As you can clearly see above, Vaex was much slower in such an operation since the data is not in memory.

Advantages of using Vaex:-

Memory Efficiency: Vaex is designed to work with datasets that are much larger than the available RAM. It leverages memory mapping and lazy evaluation, which significantly reduces memory consumption. By processing data in chunks and only loading the required portions into memory, Vaex efficiently handles massive datasets without running into memory-related issues.
Blazing-Fast Performance: One of the most significant advantages of Vaex is its high-performance data processing capabilities. By employing parallelism and optimized algorithms, Vaex accelerates computations and operations on large datasets.
Seamless Integration with Pandas: Vaex provides a pandas-like API, making it easy for users already familiar with pandas to adopt Vaex seamlessly.
Lazy Evaluation and Expression System: The lazy evaluation approach of Vaex postpones actual computations until necessary, reducing unnecessary calculations and optimizing data exploration.
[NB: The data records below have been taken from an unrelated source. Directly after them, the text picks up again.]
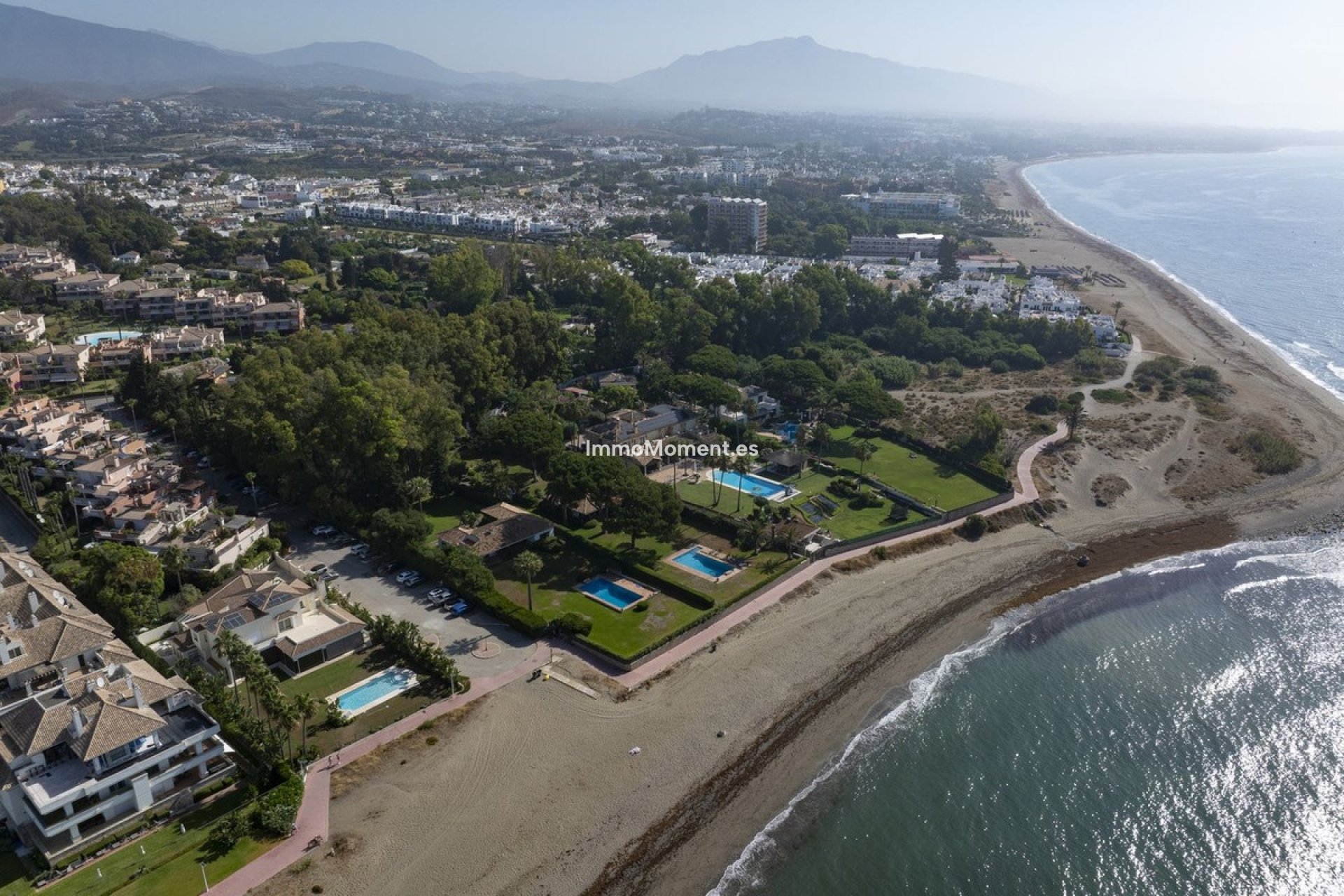 Reventa - Villa independiente - Estepona  - Costalita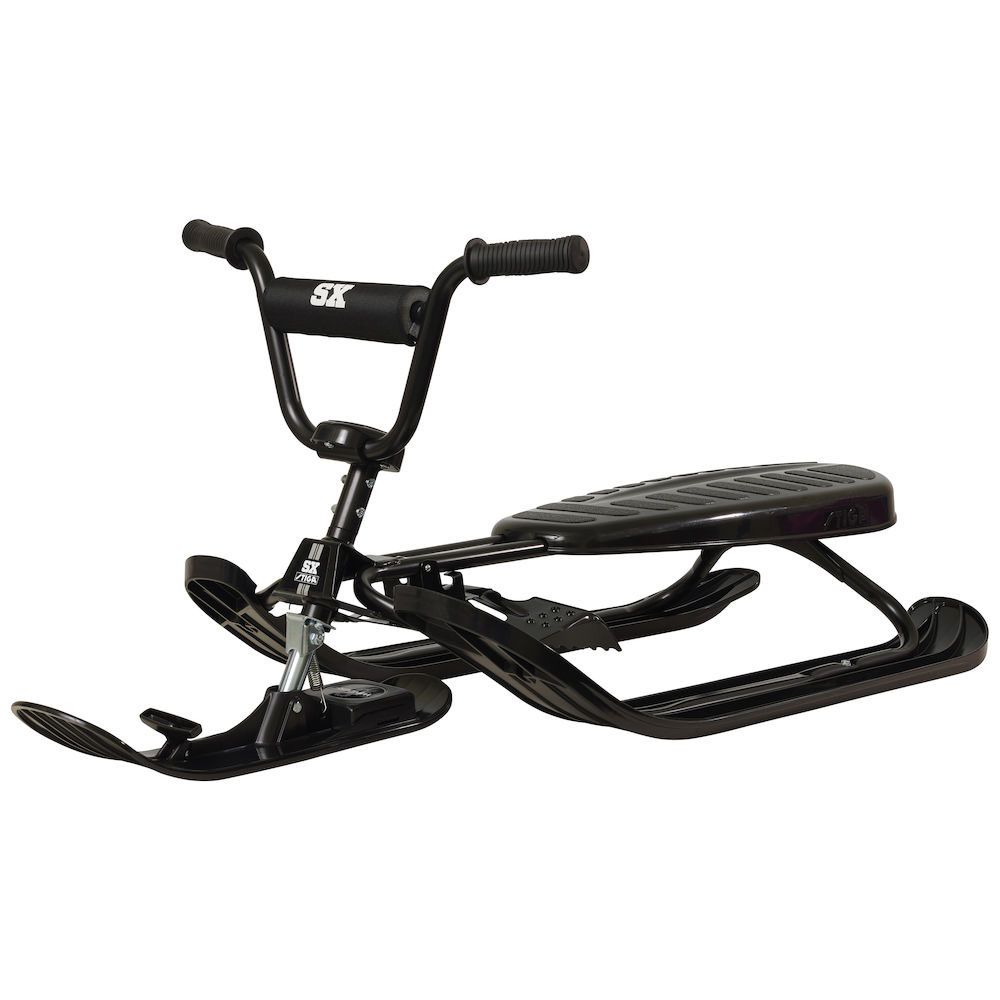 Stiga Snow Racer SX Pro rattikelkka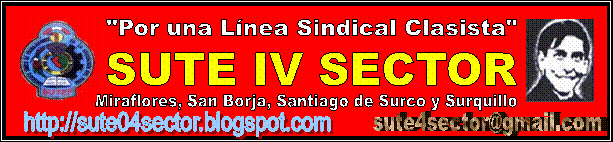 SUTE IV SECTOR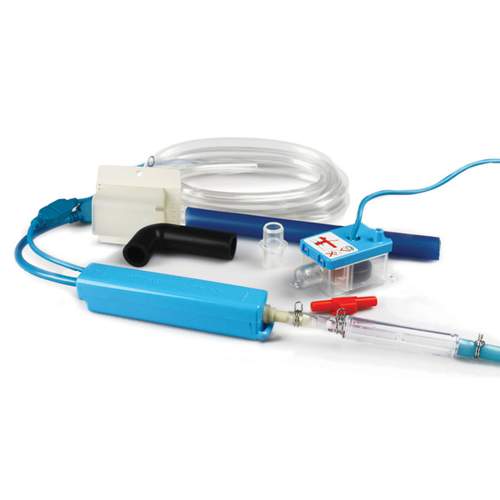 Bosch condens warmtepomp wasdroger WDT67 voert condenswater niet meer af - Wasmachines en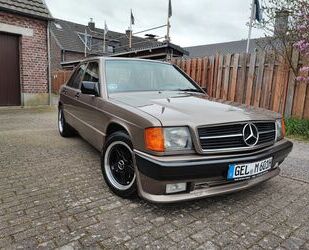 Mercedes-Benz Mercedes-Benz 190 E Gebrauchtwagen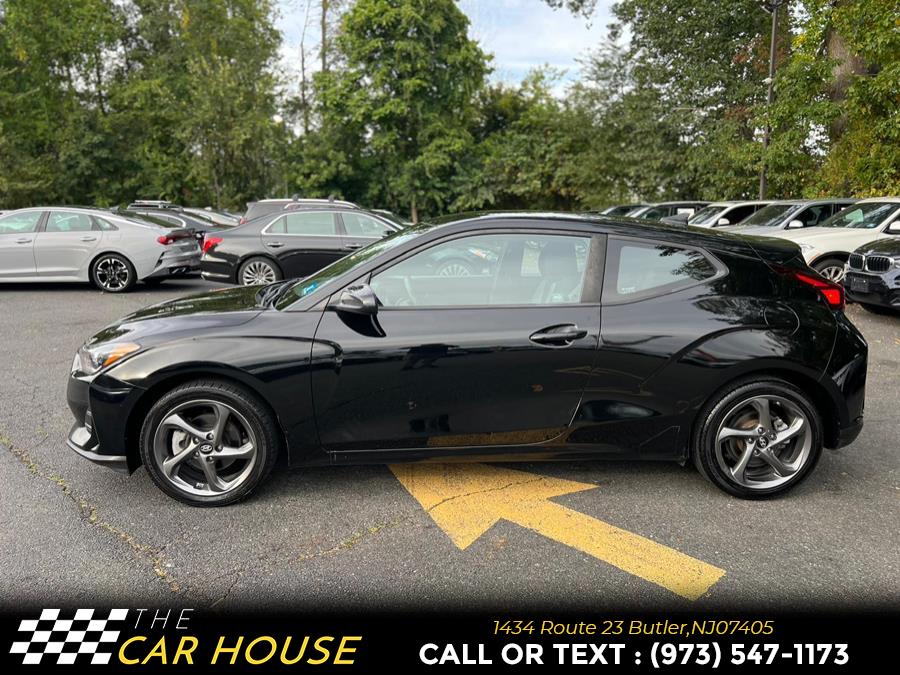 2019 Hyundai Veloster 2.0 Auto, available for sale in Butler, New Jersey | The Car House. Butler, New Jersey 2019 Hyundai Veloster 2.0 Auto, available for sale in Butler, New Jersey | The Car House. Butler, New Jersey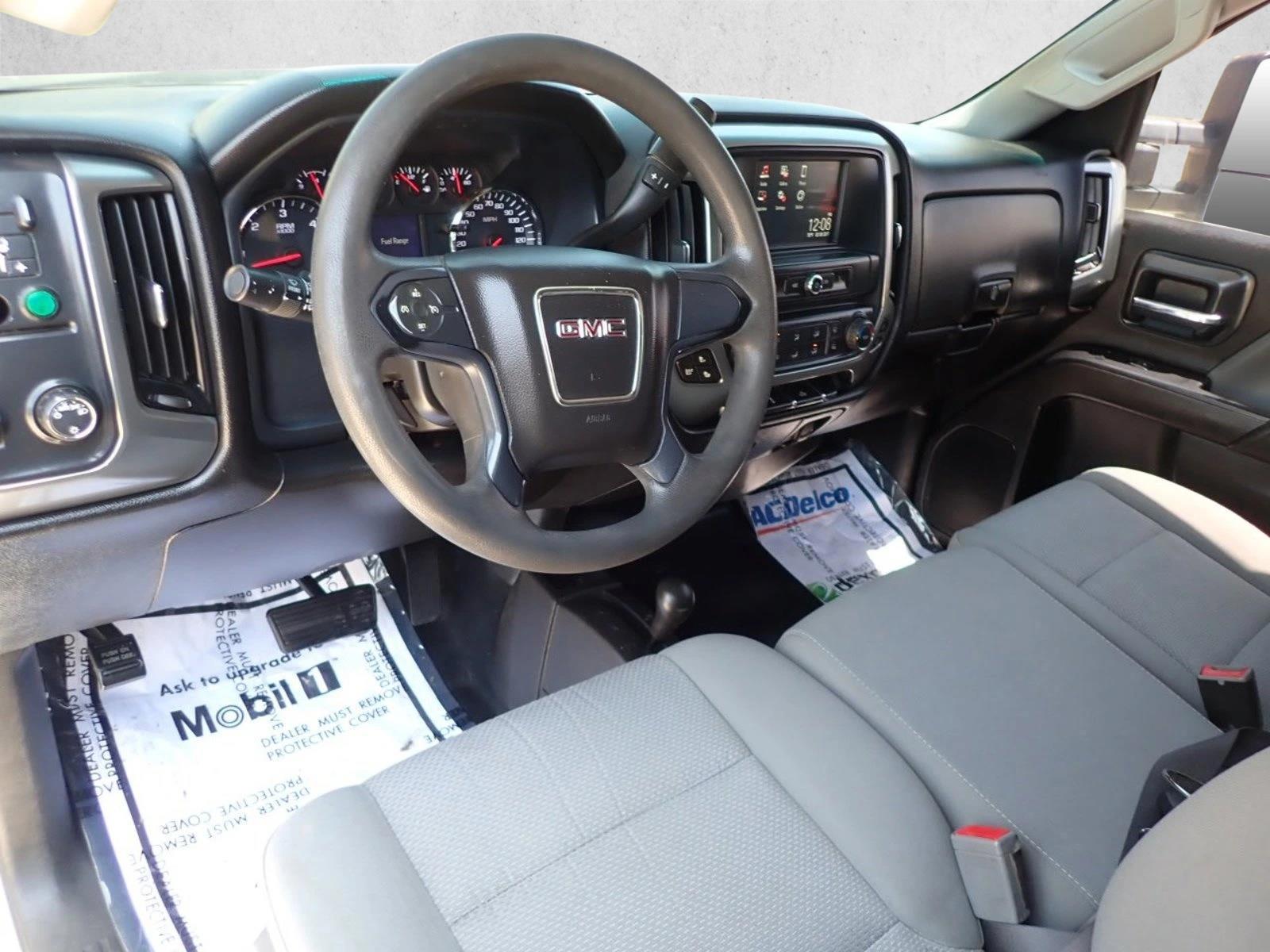 Thumbnail: 2017 GMC Sierra 3500 - 3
Additionally, the expressive expression system allows users to create complex calculations and filters using familiar Python syntax without executing them immediately.
Improved Scalability: Vaex is designed to scale efficiently to multi-core CPUs and even distributed computing environments. This scalability enables it to handle large-scale data processing tasks and take advantage of modern hardware, making it suitable for high-performance computing and big data analysis.
Advanced Visualization: Vaex provides visualization capabilities that work seamlessly with large datasets. It integrates with popular plotting libraries like Matplotlib and Plotly, allowing users to create insightful visualizations directly from Vaex DataFrames without the need for downsampling or data reduction.

Conclusion

To wrap up, Vaex is a game-changer for analyzing big data. It tackles large datasets by using memory smartly and performing super-fast calculations. Its ability to handle big data without losing accuracy sets it apart, and its speed is impressive. Vaex is friendly too, with an easy way to write complex calculations and to visualize data. Transitioning from pandas is a breeze, making it accessible. In the era of data overload, Vaex is your go-to strategy, making big data analysis fun and efficient, all while outperforming pandas in the big leagues.